> **Given data**
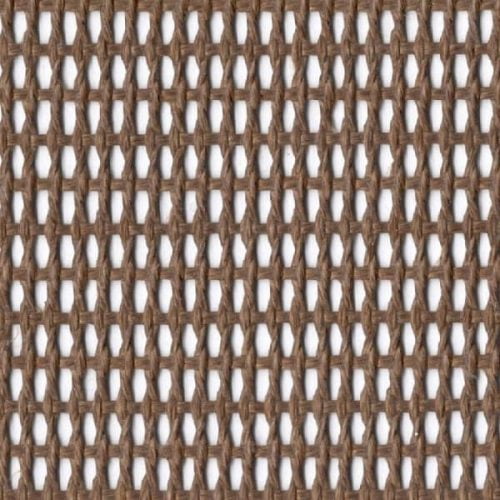 Teflon mesh sheet YS6016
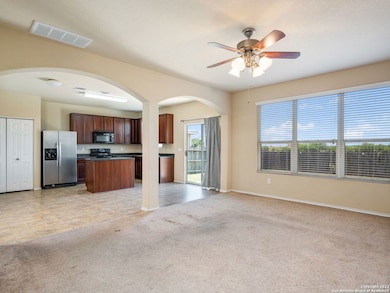 9515 Geneva Point, San Antonio, TX 78254 - photo 6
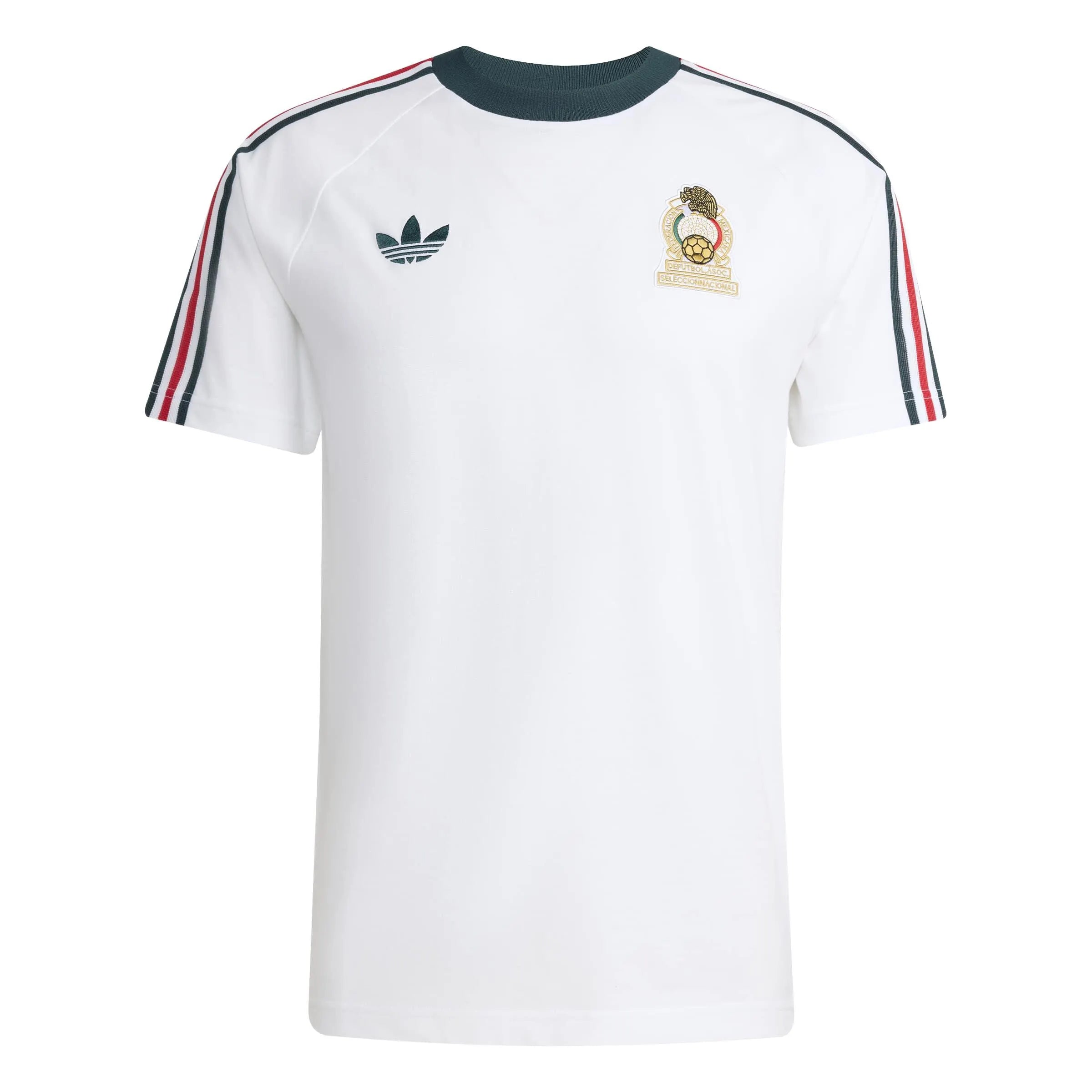 Fußballtrikot MEXIKO ORIGINALS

> **Try it**
With pictures left out, repeat exactly the lines from the one containing "9515 Geneva Point, San" through the last line of the data above, inclusive, and nothing else.

> **Solution to the exercise**
 9515 Geneva Point, San Antonio, TX 78254 - photo 6
 Fußballtrikot MEXIKO ORIGINALS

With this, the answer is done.